A partir du moment où le président de la République est confronté à un agenda qui veut qu’il doit quitter le pouvoir le 2 avril 2024 et qu’il y a une élection à laquelle il ne participera pas et qu’il a un candidat. C’est une manière aussi dans l’analyse d’entrevoir non seulement une campagne électorale déguisée, mais une manière de remobiliser les troupes dans ces régions-là ou dans ces départements-là, pour dire effectivement, je m’en vais, je suis venu constater tout ce que j’ai entrepris et que j’avais demandé au gouvernement de faire, et en plus de cela j’ai un candidat, la majorité a un candidat et qu’il faudra continuer dans cette dynamique-là, avec ce candidat-là. C’est la raison pour laquelle, Amadou Ba, candidat désigné de Benno Bokk Yaakaar à travers l’aval du président de la République, disait qu’il va s’inscrire dans la continuité.

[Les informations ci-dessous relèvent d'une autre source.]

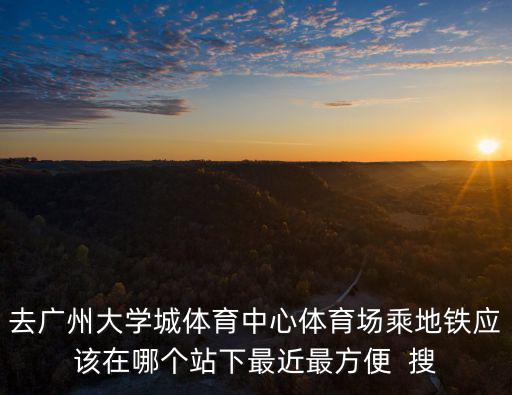 去廣州大學城體育中心體育場乘地鐵應該在哪個站下最近最方便  搜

Mais il faut dire aussi une chose. Si à partir du moment où le président fait ses tournées dites économiques et que dans ses tournées, il n’est pas accompagné par le candidat choisi par lui-même avec l’aval de Benno Bokk Yaakaar, c’est peut être aussi quelque chose qui interpelle pour dire, mais finalement, est-ce qu’il fait pour le candidat ou il le fait pour lui. »
Justement, comment jugez-vous les promesses du Président de la République à coût de milliards alors qu’il quitte le pouvoir le 2 avril 2024 ? Quelle garantie peut-il avoir que son successeur va respecter de tels engagements ?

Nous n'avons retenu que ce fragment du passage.